Targeting spanned several countries, with the most activity in Sweden, Belgium, and Italy. Messages typically urged recipients to “confirm identity” or log in, then funneled them to phishing pages designed to capture usernames and passwords.

To frustrate analysis, operators deployed JavaScript gating to render content only on mobile devices, disabled right‑click and browser debugging on some pages, and instrumented visits via a Telegram bot (GroozaBot). The actor behind the handle Gro_oza appears to operate in Arabic and French, based on infrastructure artifacts observed by researchers.

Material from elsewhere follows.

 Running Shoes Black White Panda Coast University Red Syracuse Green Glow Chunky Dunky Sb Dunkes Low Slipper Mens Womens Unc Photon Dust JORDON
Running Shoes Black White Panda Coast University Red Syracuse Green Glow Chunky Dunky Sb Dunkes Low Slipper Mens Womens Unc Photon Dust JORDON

Why IoT‑backed smishing is hard to stop at the telecom layer

Using hijacked cellular routers gives attackers decentralized distribution across legitimate SIMs, countries, and carriers. This erodes simple blocklists and volume‑based heuristics that typically flag centralized spam campaigns. In IIoT settings, the impact extends beyond phishing: organizations can face data leakage, lateral compromise of adjacent networks, and direct financial loss from SMS fraud and “pump‑and‑dump” style SMS pumping on their own SIM billing.

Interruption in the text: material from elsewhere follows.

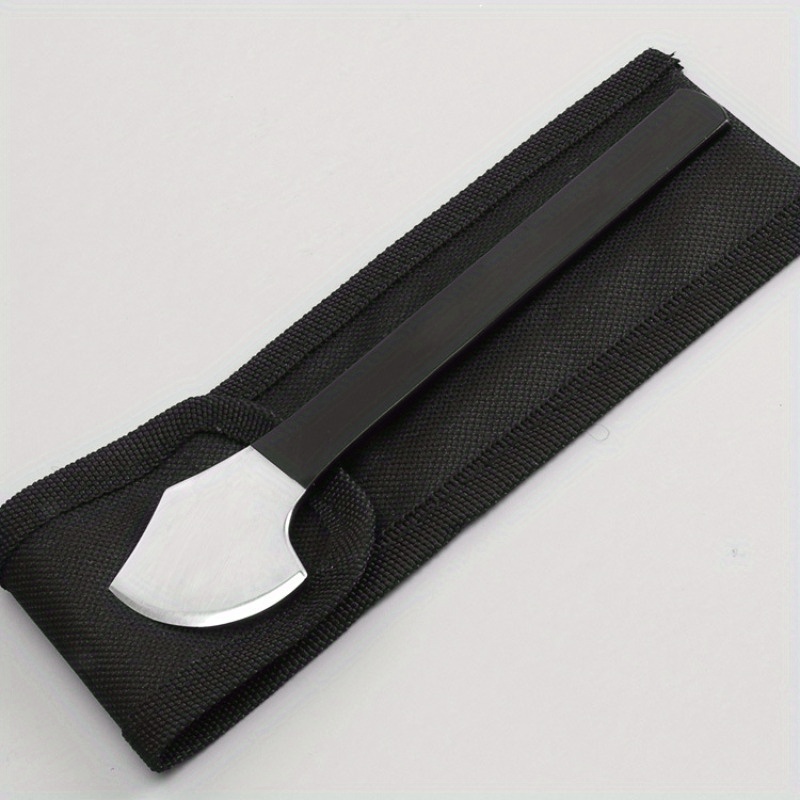 มีดตัดหนัง 2 ชิ้น ใบมีดคม สำหร - Leatherwork Knives บทวิจารณ์และราคา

These dynamics align with broader industry observations that smishing continues to rise as mobile becomes the primary channel for consumer interaction. Open‑source reporting from entities such as Sekoia, ENISA’s Threat Landscape analyses, and vendor threat reports (e.g., Proofpoint’s State of the Phish) consistently highlight SMS phishing as a fast‑growing social‑engineering vector.

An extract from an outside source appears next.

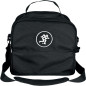 SRM150-BAG - Accessoires - Sac de transport SRM150 SRM150-BAG - Accessoires - Sac de transport SRM150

Mitigation: hardening Milesight routers and IIoT environments

Defenders should prioritize configuration hygiene and telecom‑aware monitoring to reduce the likelihood that industrial routers become covert SMS relays. Practical steps include:

  • Update firmware to 35.3.0.7 or later and apply any vendor hotfixes to address known issues, including CVE‑2023‑43261.
  • Eliminate unauthenticated exposure of APIs and web interfaces; restrict management to VPN or Zero Trust access with MFA.
  • Disable or tightly scope SMS‑based administration where possible; enforce rate limiting and geofencing for outbound SMS.
  • Replace default accounts, enforce strong password policies, and rotate credentials regularly.
  • Monitor SMS volumes and destinations through MNO/billing portals; alert on spikes, anomalous geographies, and unknown prefixes.
  • Segment OT/IIoT networks, deny direct internet egress for management planes, and apply strict ACLs at routers and upstream firewalls.
  • Audit installed Python scripts and schedulers for unauthorized tasks; institute periodic configuration reviews.

Industrial cellular routers are increasingly attractive to threat actors because they blend compute, programmability, and carrier‑grade SMS capabilities in one device. An accurate asset inventory, aggressive removal of public‑facing interfaces, timely patching, and telecom‑aware monitoring can sharply reduce abuse. Organizations that operationalize these controls will not only curb smishing risk but also limit financial exposure from SMS fraud while strengthening the overall resilience of their IIoT footprint.